I’m not sure there’s been more surprising news since conference realignment started way back when than the news that broke this afternoon: USC and UCLA are headed to the Big Ten. Given both the geographic and cultural differences involved, it’s a wild turn of events.
But I suppose nothing can be a true shock in realignment anymore, not with the money involved. The Big Ten and SEC are in position to dominate the landscape for a long time to come, and the Pac-12 will just keep on lagging—a reality that prompted the LA schools to explore moving leagues.
The question now is whether or not dominoes begin falling in large numbers once again.
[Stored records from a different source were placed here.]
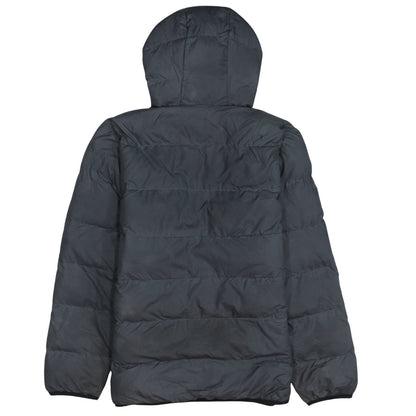 Adidas Boys Black Hooded Puffer Jacket Size 14 Years Winter Coat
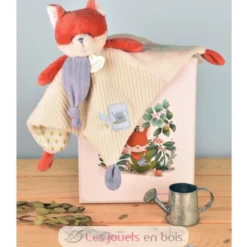 Doudou plat Romarin le renard beige 27 cm - Doudou et Compagnie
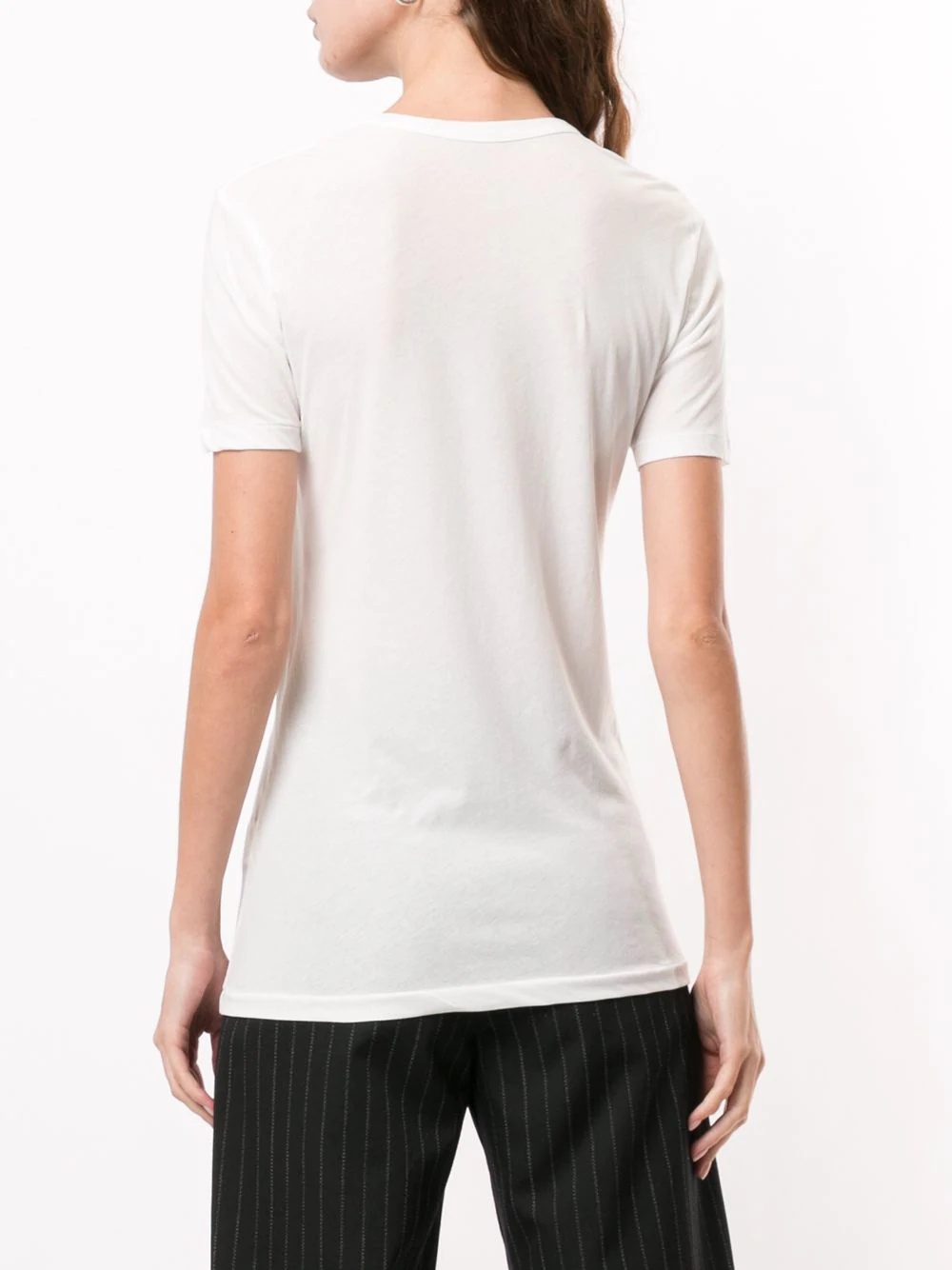 plain crew neck T-Shirt  - 4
The ACC’s member schools signed a grant-of-rights deal well into the 2030s which theoretically bars any of them from leaving, but let’s safely assume there’s nothing a school determined to leave can’t finagle its way out of.
Does the ACC also begin to erode, losing members to both the Big Ten and the SEC in the coming months or years? How advanced have discussions been elsewhere? The OU/Texas to the SEC and USC/UCLA to the Big Ten moves were basically kept successfully under wraps until they were done deals, which just makes me wonder what else might be pending.
The ACC’s pipe dream of adding Notre Dame in football almost certainly died today. It’s not just that the Big Ten can offer more lucrative membership perks, but now it has another of the Irish’s traditional rivals (USC) in the fold.
Without that hail mary for stability, it looks increasingly like we’re headed into another tenuous period for the ACC. Now we’ll find out of the league has a bold move of its own.